|[3:40 PM] Apple Mac Pioneers Seek To Take Linux Where No Command Line OS Has Gone Before
C-Net is reporting on a new company called Eazel. Eazel was founded by Apple veterans Mike Boich and Mac pioneer Andy Hertzfeld to put together a real GUI (Graphical User Interface) for Linux. Mike Homer, another Apple veteran from the first Steve Jobs era and a current AOL executive, also sits on the company's Board of Directors. Andy Hertzfeld has been immortalized in Mac circles for his role in developing the first Mac. The company's goal is to offer the first complete GUI for Linux that is not only easy to use, but actually makes it truly possible to not have to use the command line for anything if the user doesn't want to. According to C-Net:
"We are doing something really comprehensive," Boich said. "We're writing the software that serves as the file manager and the graphical shell. There are some graphical environments out there, but they don't cover everything. We're going to provide GUI coverage for the whole system."
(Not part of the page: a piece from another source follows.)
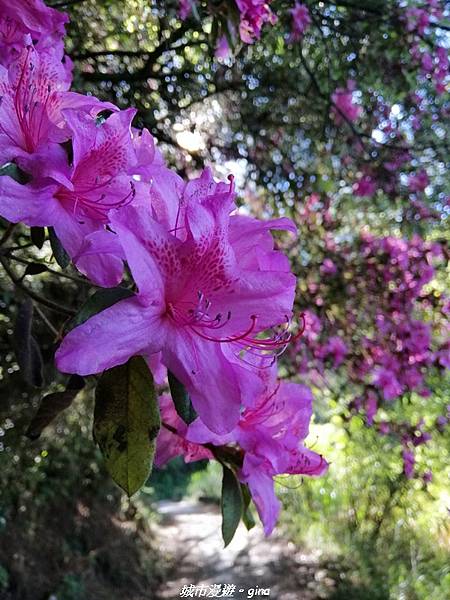 IMG_20210420_092134.jpg IMG_20210420_092134.jpg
Eazel will develop its software under the open-source model that has fueled Linux's popularity among computer enthusiasts and its rise in the corporate marketplace. Because the software will be free, the company will follow the lead of other Linux outfits, such as Red Hat and VA Linux Systems, in earning its revenue through services.
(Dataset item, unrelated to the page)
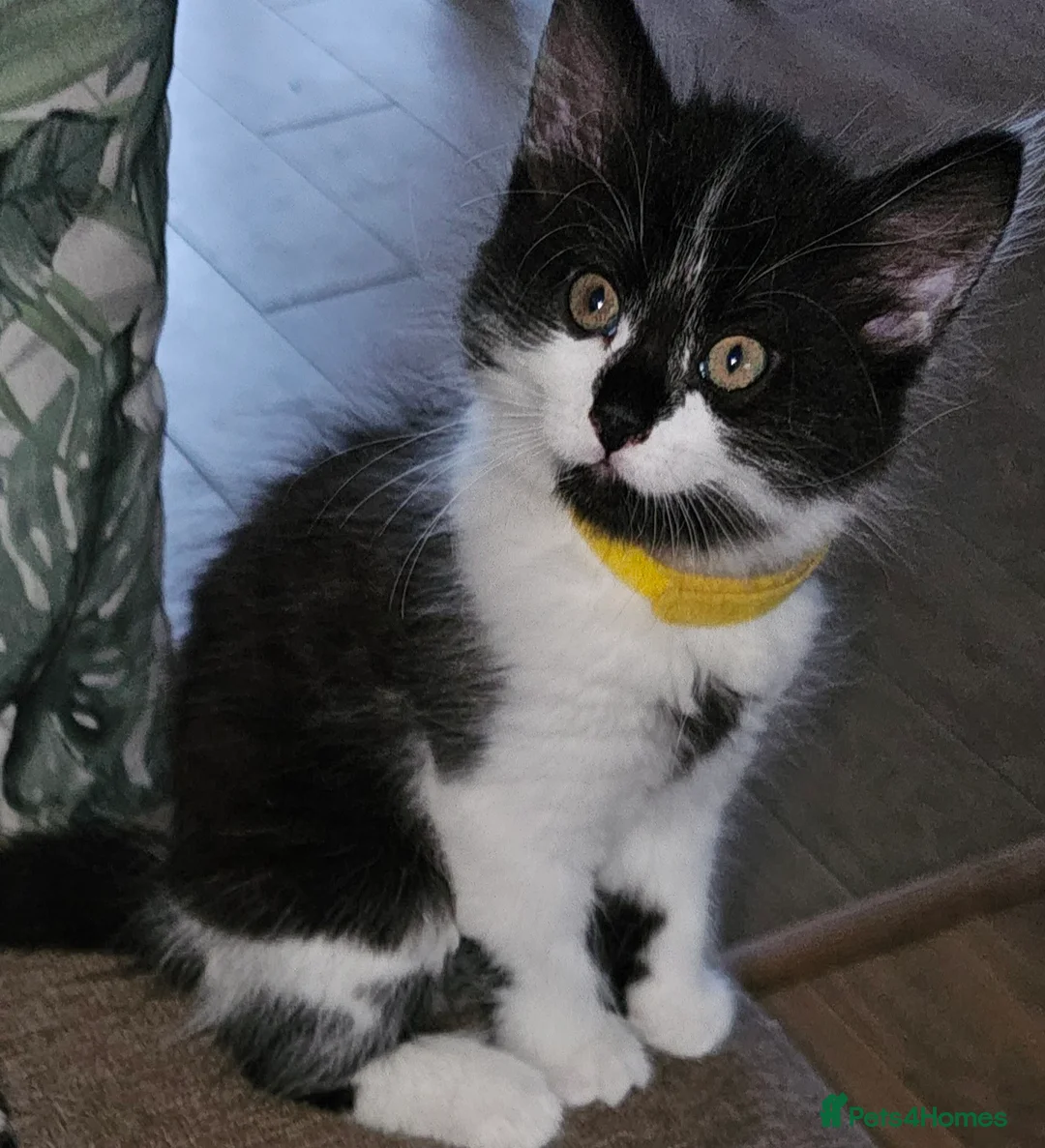 Mixed Breed cats for sale: 5 fluffy shy kittens looking for new home - Advert 2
Eazel was the brainchild of Mac OS co-author Hertzfeld, who became interested in open source when Netscape released its Communicator Web browser source code through the Mozilla.org group in 1998.
"He saw tremendous need for usability work on Linux," Boich said. "Today it's more of a back-office operating system, but we believe the potential to be a lot more than that."
You can find more information on C-Net's article and we encourage you to read it.
The Mac Observer Spin: This might be the first real threat that Microsoft could face from Linux. It is our opinion that much of the hype surrounding Linux is just that at this point. Linux is a fantastic operating system, but is still not ready for prime time or ordinary users' desktops despite the work of RedHat and others. If Eazel should succeed in truly providing an all encompassing GUI for Linux, then all that could change.
This could be a threat to Apple too, but it is certainly much more of a threat to Windows 2000. The Mac Observer will be following the progress of Eazel closely.